● EXERCISE REQUIREMENTS
Your copy should hold only the lines from the one with "Anker SOLIX B6000" to the one with "Strepsils Double Antibacterial", both included, each exactly as it stands below, with no pictures.

● INFORMATION PROVIDED

==================================================

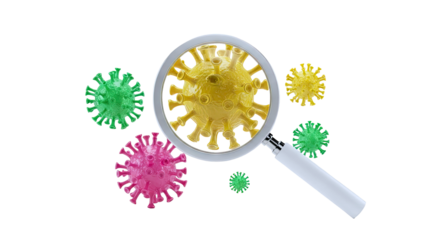 Magnifying Glass Over Coronavirus Particles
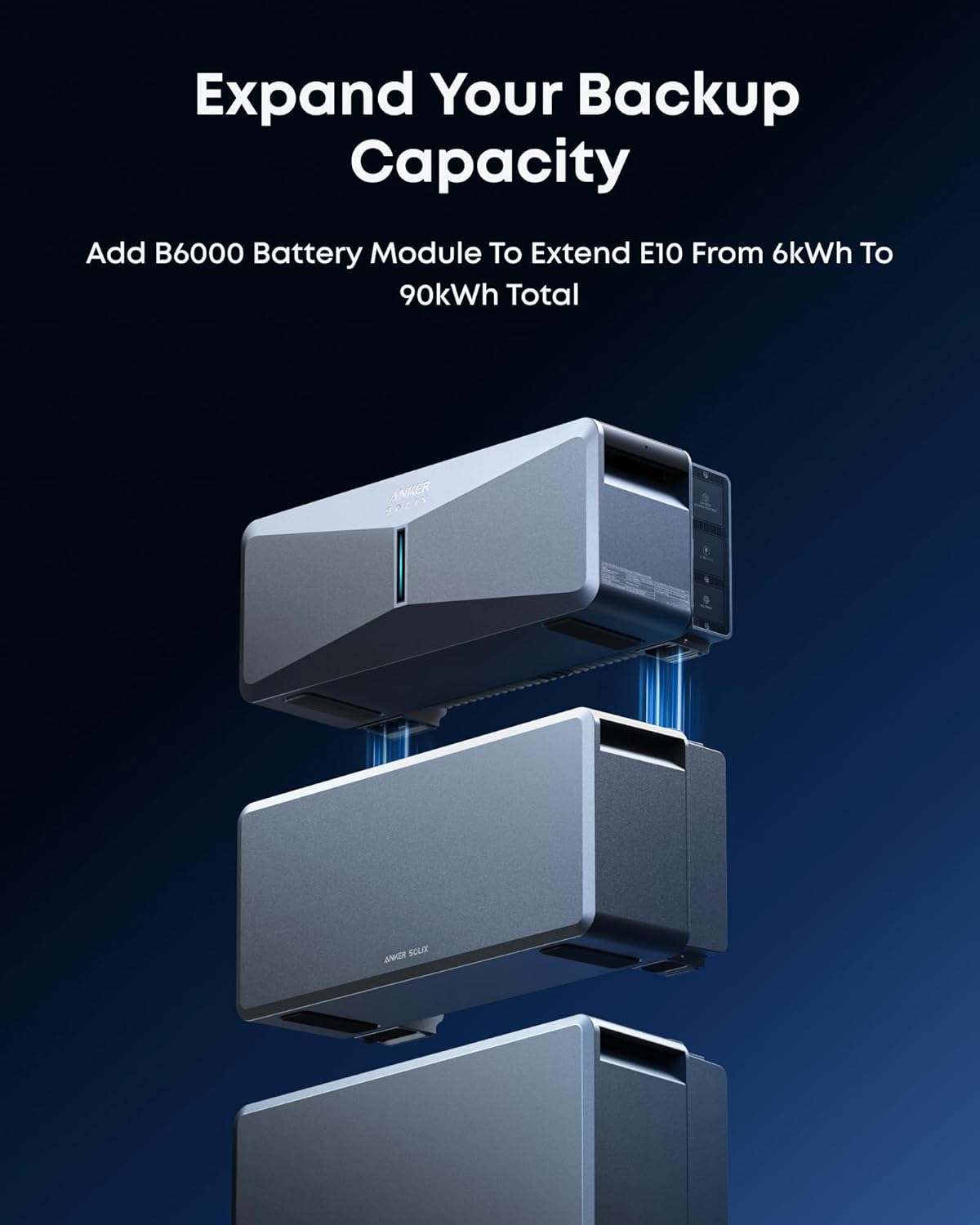 Anker SOLIX B6000 Battery Module for E10, 6kWh Expandable Capacity, Unlock 10kW Turbo Output, Automotive-Grade LFP Cells, 10-Year Lifespan, 4,000+ Cycles, UL 9540A Certified
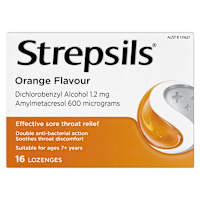 Strepsils Double Antibacterial Soothing Sore Throat Lozenges Orange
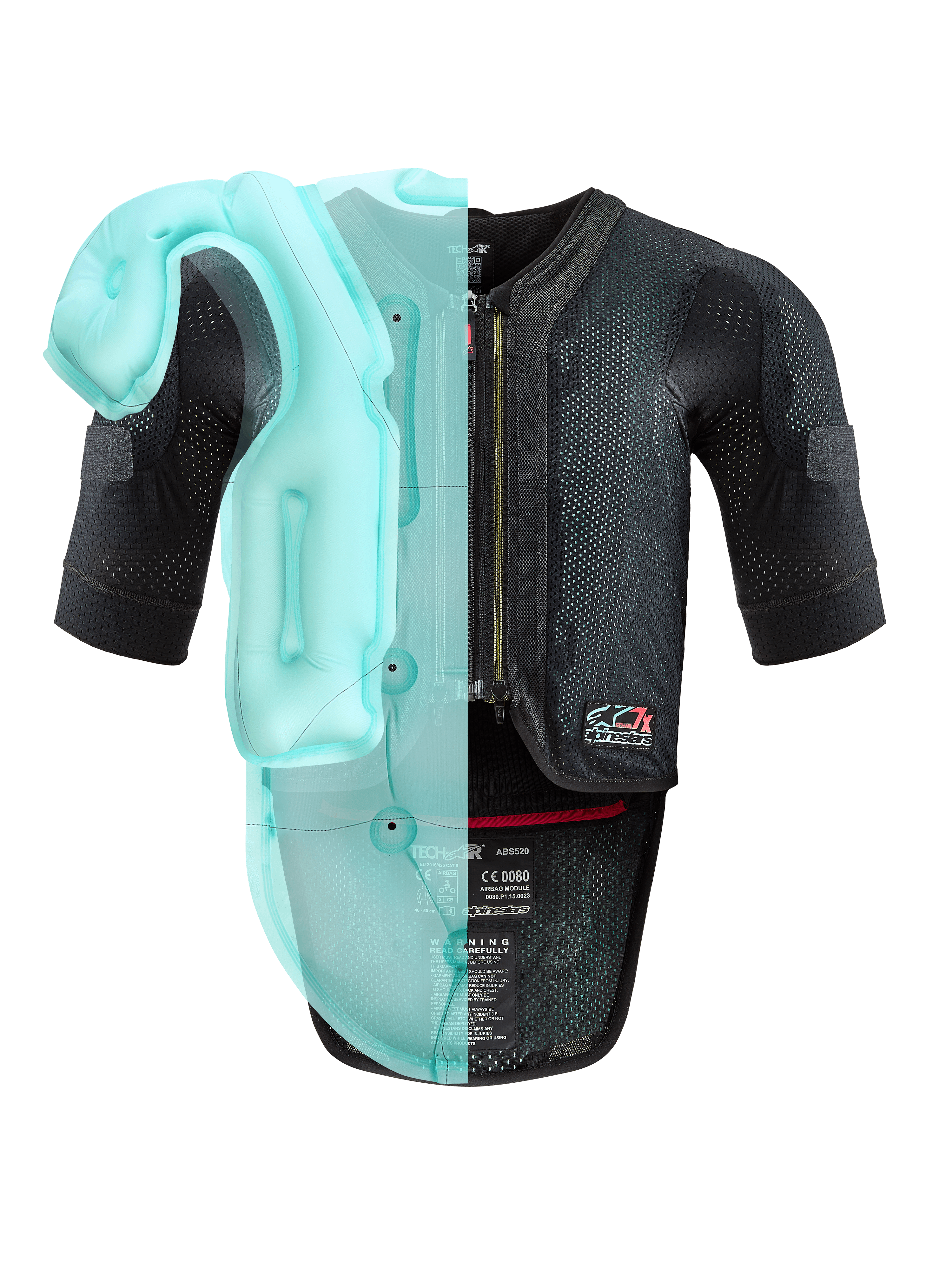 Alpinestars Tech-Air® 7X System, autonom airbagväst för motorcykel, svart mesh-chassi med en ljusblå genomskinlig visualisering av den interna airbag-blåsan, teknisk skyddsutrustning med korta ärmar och integrerat ryggskydd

==================================================

● RESULT OF THE TASK
 Anker SOLIX B6000 Battery Module for E10, 6kWh Expandable Capacity, Unlock 10kW Turbo Output, Automotive-Grade LFP Cells, 10-Year Lifespan, 4,000+ Cycles, UL 9540A Certified
 Strepsils Double Antibacterial Soothing Sore Throat Lozenges Orange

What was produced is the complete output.